Brief descriptive captions:
== Segment start ==

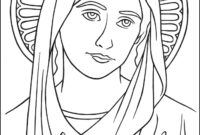 mary coloring pages catholic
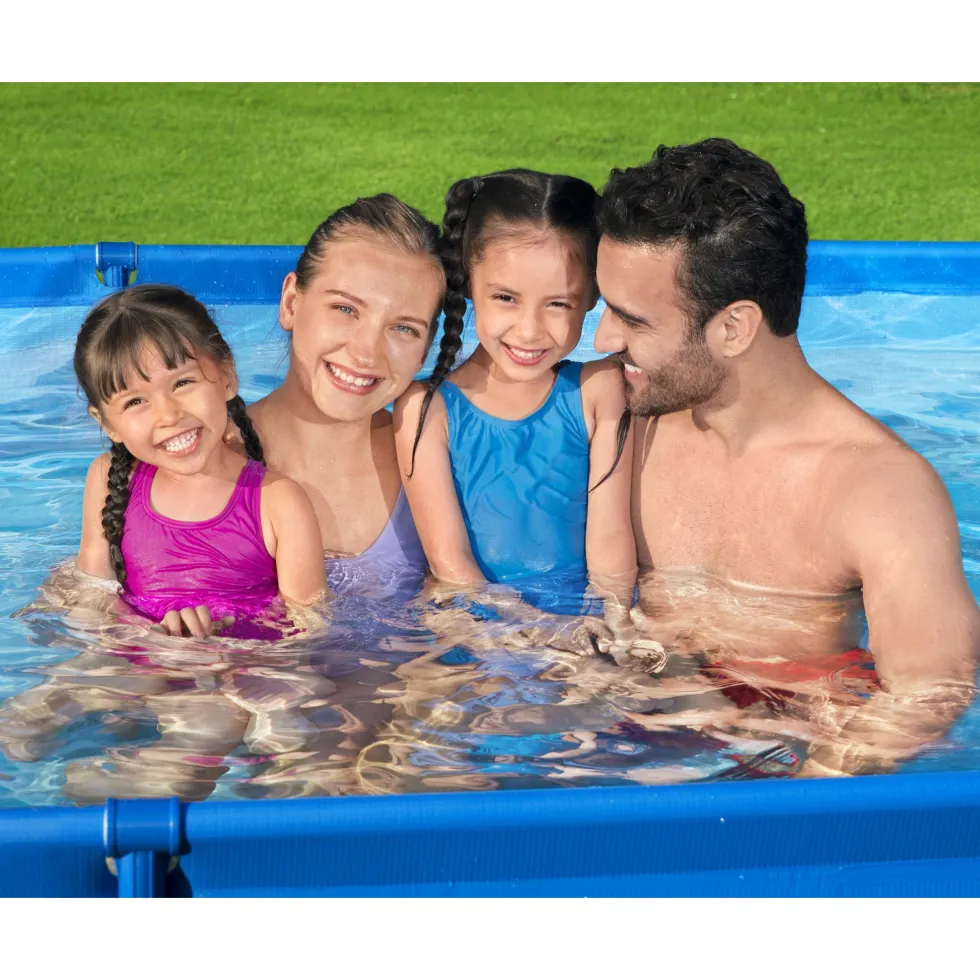 Stålramspool Bestway Steel Pro 3x2 m Ovanmarkspool Blå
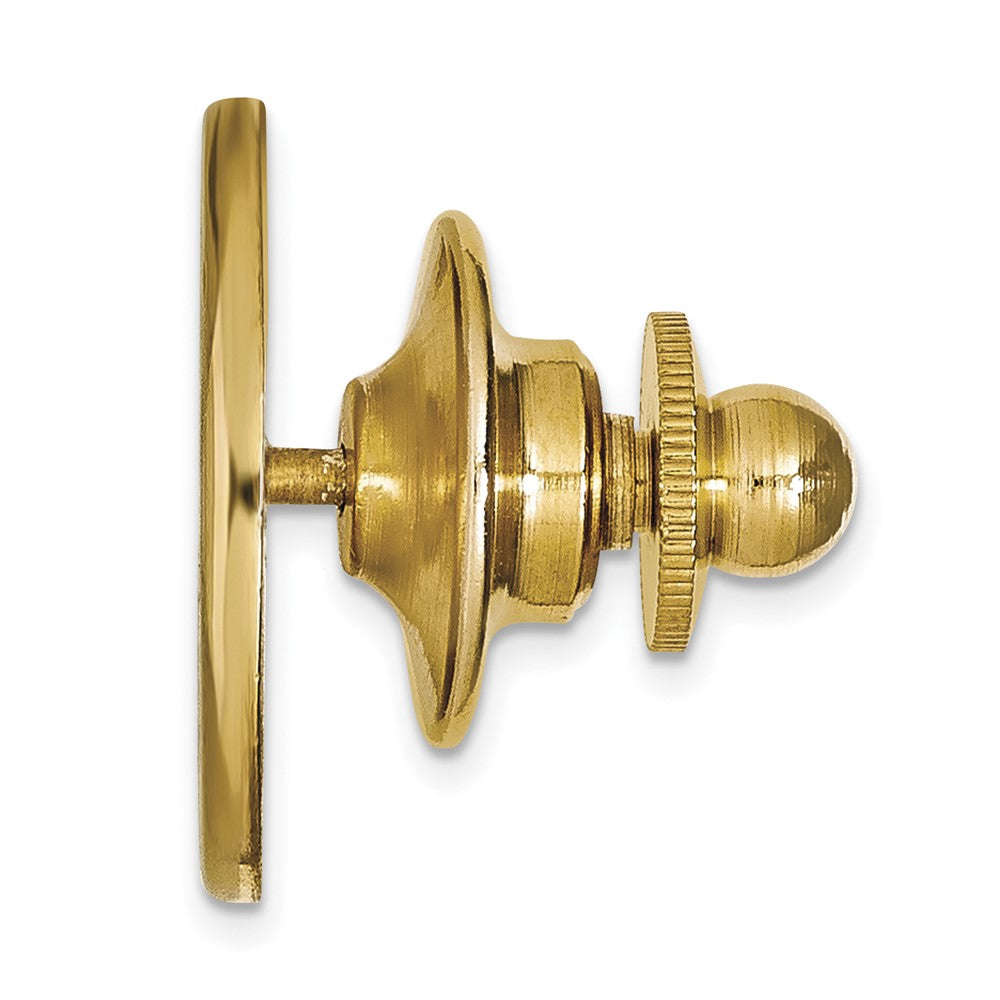 Alternate view of the 14K Gold Plated Silver Michigan State U. Spartan 15mm Lapel or Tie Pin by The Black Bow Jewelry Co.
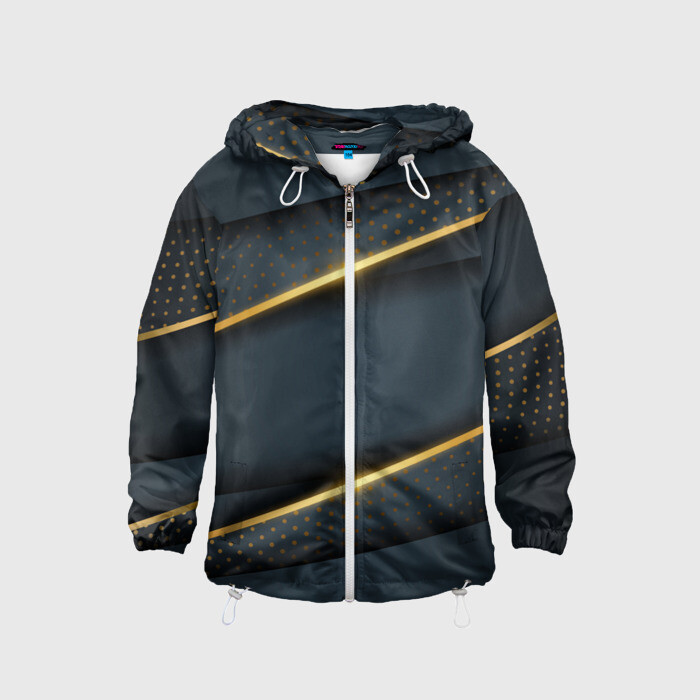 Детская ветровка 3D 3D luxury gold фото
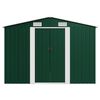 vidaXL Garden Shed 257x392x181 cm Metal Green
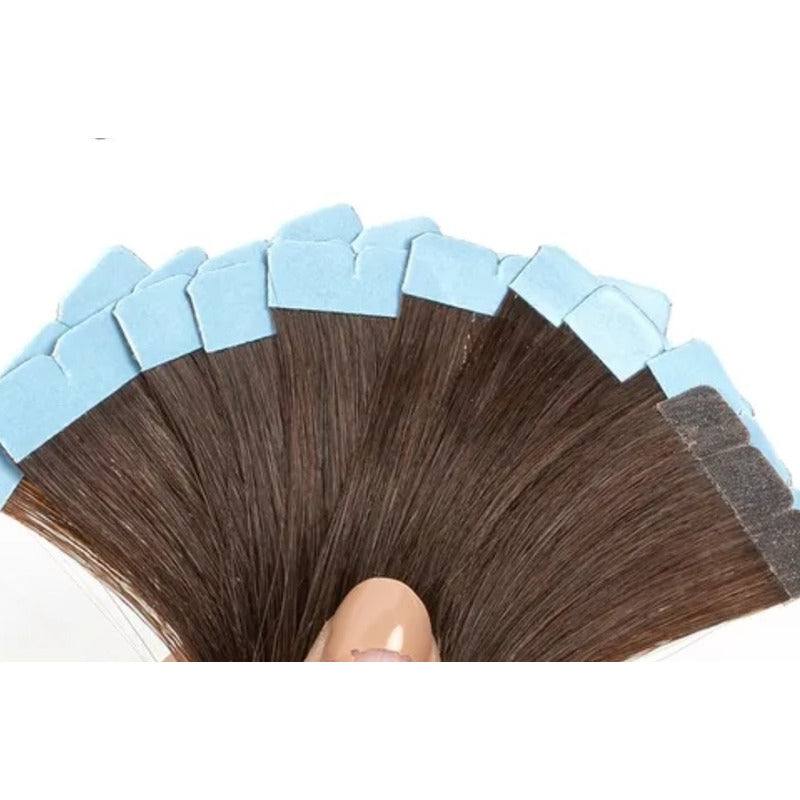 Cintas Adhesivas, Cabello 100% Humano Tape Hair 10uds. 40cm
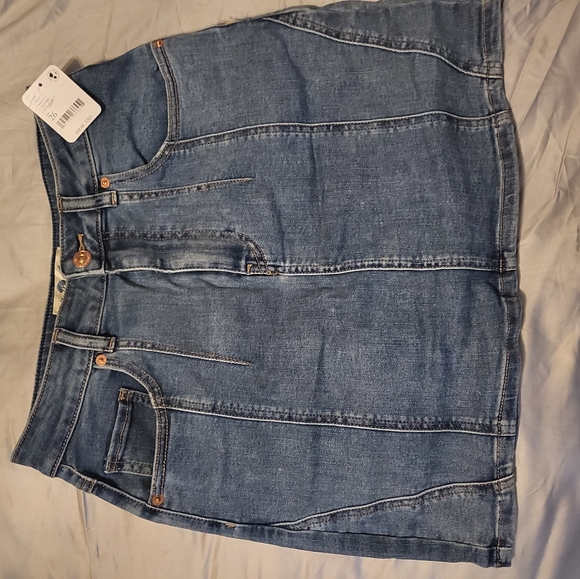 Free People Quiet Chaos jean skirt - Picture 3 of 5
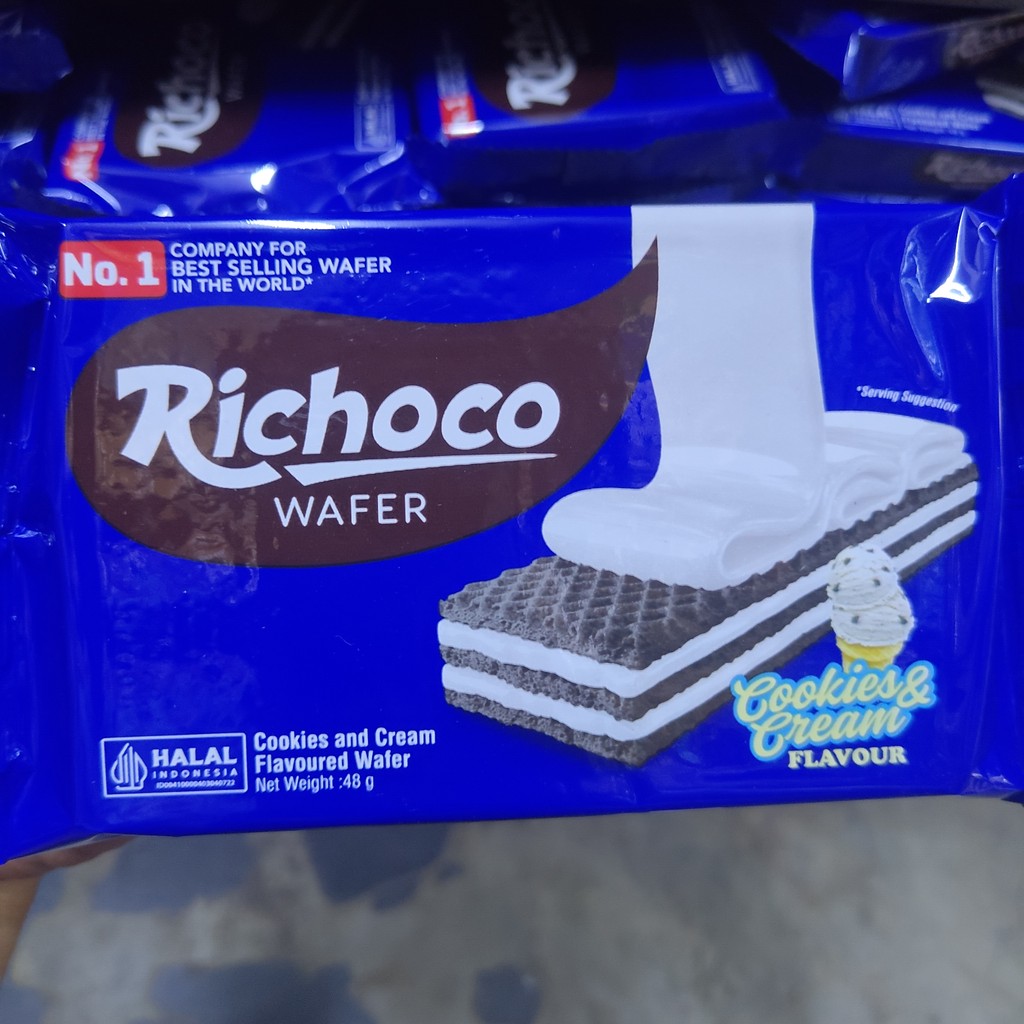 Richoco Wafer Cookies & Cream 48g | Shopee Philippines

== Segment end ==

• EXERCISE GOAL
From the line containing "Детская ветровка 3D 3D luxury gold фото" down to the last line of the entries above, retype each line exactly as it stands, but skip the pictures.

• RESPONSE TO THE TASK
 Детская ветровка 3D 3D luxury gold фото
 vidaXL Garden Shed 257x392x181 cm Metal Green
 Cintas Adhesivas, Cabello 100% Humano Tape Hair 10uds. 40cm
 Free People Quiet Chaos jean skirt - Picture 3 of 5
 Richoco Wafer Cookies & Cream 48g | Shopee Philippines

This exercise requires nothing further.